Everything I describe in this post can be done using miro. It’s a neat piece of software, which lacked polish in version 2.4 (2.5 is out now though), but there are a few things I don’t like about it:

  • You have to be graphically logged in for it to run. Among other things, this means that if someone reboots your computer, there’s no way to get it to start automatically. (I’ll be very happy to know if I’m wrong about this)
  • It doesn’t give you as much control as I’d like over torrents.
  • Its BitTorrent client doesn’t perform as well as rtorrent.

However, Miro does one thing which I haven’t figured out how to do myself yet: It keeps track of your position within watched shows. That is, stop watching a show -and next time playback will resume from the same place.

The first thing you want to do is get a good RSS feed for your show. Unfortunately, Revision3’s shows (many of which are quite good), are direct HTTP download links, as per the advertiser’s request. For other shows, you can find torrent RSS feeds, which make much better use of everyone’s bandwidth. Also, downloading will be handled by our trusty rtorrent, which we can configure for bandwidth limiting.

To download RSS feeds, I use flexget. It does its job well, but doesn’t support bandwidth limiting. It accepts a simple YAML configuration file, and has good logging. I run it as a cron job - its locking mechanism prevents multiple instances from running simultaneously. For non-torrents, I set the output directory to ~/torrents/inbox.

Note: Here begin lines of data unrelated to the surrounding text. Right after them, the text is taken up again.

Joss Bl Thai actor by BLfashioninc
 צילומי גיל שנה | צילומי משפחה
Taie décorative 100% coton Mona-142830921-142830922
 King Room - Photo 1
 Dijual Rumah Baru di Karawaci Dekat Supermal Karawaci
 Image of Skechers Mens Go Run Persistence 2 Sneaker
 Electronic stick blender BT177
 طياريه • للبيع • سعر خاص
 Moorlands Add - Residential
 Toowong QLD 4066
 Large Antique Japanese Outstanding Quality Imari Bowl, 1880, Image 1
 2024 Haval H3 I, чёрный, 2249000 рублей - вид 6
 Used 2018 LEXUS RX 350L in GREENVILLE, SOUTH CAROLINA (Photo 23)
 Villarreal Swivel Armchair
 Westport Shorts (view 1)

For torrents, I set the output directory to ~/torrents/from_rss.

For downloading torrents, I use rtorrent. It’s a curses-based client which performs very well. My .rtorrent.rc file looks like this:

download_rate = 30
upload_rate = 2
directory = /home/ohad/torrents/in_progress
on_finished = move_complete,"execute=mv,-u,$d.get_base_path=,~/torrents/inbox/ ;d.set_directory=~/torrents/inbox/"
session = /home/ohad/torrents/.session
schedule = watch_directory,5,5,load_start=/home/ohad/torrents/from_rss/*.torrent
schedule = untied_directory,5,5,remove_untied=
schedule = throttle_1,23:00:00,24:00:00,download_rate=0
schedule = throttle_2,05:00:00,24:00:00,download_rate=30
port_range = 6881-6889
encryption = allow_incoming,enable_retry,prefer_plaintext
dht = auto
peer_exchange = yes
scgi_local = /tmp/rtorrent-scgi.socket

Interesting things to note here are:

  • Downloads live in one directory, but get moved to the inbox directory when they’re done.
  • The session directory is important - this allows rtorrent to resume downloads if it’s shut down.
  • The from_rss directory is watched for new torrent files. When the relevant downloads are stopped, remove_untied occurs and the torrent files are deleted.
  • Throttling is fully customizable.
  • The SCGI socket is useful for rtgui - we’ll get to that.

I have a “watchdog”-style cron job which makes sure it’s running if the computer is up. This is not as elegant as starting it from an RC-script, but keeps the whole setup confined to the limits of my own user. Again, rtorrent has a lock-file which prevents multiple instances from running.

#!/bin/bash

# A simple script to make sure I am running rtorrent in a screen

set -e

SCGI_SOCKET=/tmp/rtorrent-scgi.socket
SESSION_DIR=~/torrents/.session

screen -d -m -fn -S rtorrent -s /bin/bash -t rtorrent -m nice rtorrent

while [[ ! -S $SCGI_SOCKET ]]; do sleep 1; done

if [[ -S $SCGI_SOCKET ]]; then
    chgrp www-data $SCGI_SOCKET
    chmod g+rwx $SCGI_SOCKET
fi

RTGUI provides a nice web-based interface. It’s a bit tricky to configure, and you’ll need to use an HTTP server - preferably lighttpd, as it has support for SCGI UNIX sockets (as opposed to SCGI TCP sockets). This lets you keep the number of open network ports to a minimum. This is all well-documented on the RTGUI site.

Finally, I’ve written a little python script called check_shows which uses libnotify to show a pretty pop-up whenever downloads complete. It’s a tiny little hack which uses inotify, which is lots of fun.